На самом деле чуть ли не наоборот: «Иван Денисович» гораздо совершенней в литературном смысле, в нём ощущается близкое знакомство со школами и штудиями десятых – двадцатых годов, сказовой манерой («Толь-то проахал, дядя»), упомянутым «остранением» и даже ритмической прозой. Тогда как «Матрёнин двор» восходит к скучным урокам литературных передвижников конца XIX века, в диапазоне от Глеба Успенского до Владимира Короленко.

Твардовский, впрочем, угадал главное – свой эстетический идеал Солженицын нашёл в народнических публицистах с их лубочным реализмом, а никак не в революционных двадцатых. Собственно, далеко не случайна атака, предпринятая им в «Телёнке» против «Нового мира». Это был не один перечень «взаимных болей, бед и обид», а конфликт сугубо идеологический и стилистический, принявший странную форму, которая спустя годы кажется и вовсе шизофренической. Эдакий авторестлинг – если «Иван Денисович» залезет на «Матрёнин двор», кто кого сборет?

В своё время Виктория Шохина попросила меня ответить на вопросы для анкеты к ежегодным «Лакшинским чтениям». Я ответил, и некоторые соображения мне кажутся принципиальными в контексте данной главы.

Вопрос: «В 1975 году В.Лакшин в статье "Солженицын, Твардовский и «Новый мир»" вступил в спор с Солженицыным, который в книге "Бодался телёнок с дубом" описал "Новый мир" в неприглядных красках. Как Вам кажется, на чьей стороне была правда?»

Работа Лакшина «Солженицын, Твардовский и "Новый мир"» продолжает, на мой взгляд, оставаться актуальной и наглядной. Сегодня, может быть, даже принципиальнее те высокие человеческие и корпоративные («добрые нравы литературы» – Ахматова) смыслы, которыми наполнил Владимир Яковлевич свой ответ Солженицыну.

Правда, на мой взгляд, была за Лакшиным. Тогда и сегодня. Не только нравственная. Историческая и мировоззренческая тоже.
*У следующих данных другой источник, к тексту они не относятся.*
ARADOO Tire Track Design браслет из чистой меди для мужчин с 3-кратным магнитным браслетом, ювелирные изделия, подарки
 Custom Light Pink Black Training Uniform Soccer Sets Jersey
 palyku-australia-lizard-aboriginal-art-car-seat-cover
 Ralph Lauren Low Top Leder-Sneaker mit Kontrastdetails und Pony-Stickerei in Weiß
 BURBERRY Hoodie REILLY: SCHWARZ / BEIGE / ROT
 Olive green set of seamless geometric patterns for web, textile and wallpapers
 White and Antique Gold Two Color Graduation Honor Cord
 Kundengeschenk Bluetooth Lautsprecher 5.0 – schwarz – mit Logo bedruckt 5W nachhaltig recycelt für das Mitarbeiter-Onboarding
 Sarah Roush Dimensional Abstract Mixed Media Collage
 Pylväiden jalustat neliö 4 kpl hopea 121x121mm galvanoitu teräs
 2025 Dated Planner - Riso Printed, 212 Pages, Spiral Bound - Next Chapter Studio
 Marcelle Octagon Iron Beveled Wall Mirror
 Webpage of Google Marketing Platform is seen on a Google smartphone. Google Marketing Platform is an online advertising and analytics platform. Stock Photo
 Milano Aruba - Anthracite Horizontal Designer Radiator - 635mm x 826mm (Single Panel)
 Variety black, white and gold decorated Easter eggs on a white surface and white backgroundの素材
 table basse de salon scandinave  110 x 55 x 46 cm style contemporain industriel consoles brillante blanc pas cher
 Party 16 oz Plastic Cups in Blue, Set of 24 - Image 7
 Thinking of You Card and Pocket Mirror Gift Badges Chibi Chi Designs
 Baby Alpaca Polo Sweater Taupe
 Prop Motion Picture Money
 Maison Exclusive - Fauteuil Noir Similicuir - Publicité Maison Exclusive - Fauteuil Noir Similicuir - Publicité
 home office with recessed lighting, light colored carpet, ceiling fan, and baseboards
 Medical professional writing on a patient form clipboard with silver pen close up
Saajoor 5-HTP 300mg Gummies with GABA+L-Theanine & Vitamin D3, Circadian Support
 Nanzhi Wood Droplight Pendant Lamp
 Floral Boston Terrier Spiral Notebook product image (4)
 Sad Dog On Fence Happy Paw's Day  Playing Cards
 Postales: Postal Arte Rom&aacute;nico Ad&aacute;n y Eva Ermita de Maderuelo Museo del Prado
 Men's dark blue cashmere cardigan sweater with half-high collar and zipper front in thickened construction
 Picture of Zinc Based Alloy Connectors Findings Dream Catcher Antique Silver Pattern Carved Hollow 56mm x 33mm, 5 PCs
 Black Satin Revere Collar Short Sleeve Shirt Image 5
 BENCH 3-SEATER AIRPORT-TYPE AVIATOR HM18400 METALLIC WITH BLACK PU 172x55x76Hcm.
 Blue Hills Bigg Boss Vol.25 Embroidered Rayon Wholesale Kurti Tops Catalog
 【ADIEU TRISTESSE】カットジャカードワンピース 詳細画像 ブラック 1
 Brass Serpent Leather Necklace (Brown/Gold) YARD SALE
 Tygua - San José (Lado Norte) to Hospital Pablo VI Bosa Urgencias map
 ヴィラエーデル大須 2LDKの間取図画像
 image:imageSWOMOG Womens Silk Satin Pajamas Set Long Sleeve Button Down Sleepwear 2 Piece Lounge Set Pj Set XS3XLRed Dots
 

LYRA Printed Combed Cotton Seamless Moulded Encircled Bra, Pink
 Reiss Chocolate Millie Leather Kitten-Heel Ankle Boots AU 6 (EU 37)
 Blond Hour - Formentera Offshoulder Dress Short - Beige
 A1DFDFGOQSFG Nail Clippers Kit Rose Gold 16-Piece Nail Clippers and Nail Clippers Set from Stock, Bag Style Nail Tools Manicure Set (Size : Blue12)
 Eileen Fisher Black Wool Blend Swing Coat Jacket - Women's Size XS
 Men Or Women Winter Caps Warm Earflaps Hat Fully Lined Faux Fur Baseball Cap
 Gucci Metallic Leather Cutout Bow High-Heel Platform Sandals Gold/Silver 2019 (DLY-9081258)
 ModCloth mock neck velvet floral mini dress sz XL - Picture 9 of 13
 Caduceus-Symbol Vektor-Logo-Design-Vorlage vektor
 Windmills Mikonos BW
Владимир Яковлевич тогда сделал точное наблюдение: может быть, в большей степени Солженицын нападал на «Новый мир» не по личным, но идейным соображениям. Свою окончательно сформировавшуюся к концу шестидесятых ненависть к советской идеологии он проецировал на «новомирцев» – людей, по Лакшину, социалистических и демократических убеждений. Сторонников социализма с «человеческим нутром, а не только лицом».

По сути, власть, убрав с общественной сцены «Новый мир» Твардовского-Лакшина, уничтожила именно социалистическую альтернативу развития СССР, проскочила последнюю перед его запрограммированным крахом развилку, Александр же Исаевич, мысливший шире и глубже «вождей», в «Телёнке» подписал левой перспективе общегрупповой, цивилизаторский приговор. Явно намеренно и продуманно.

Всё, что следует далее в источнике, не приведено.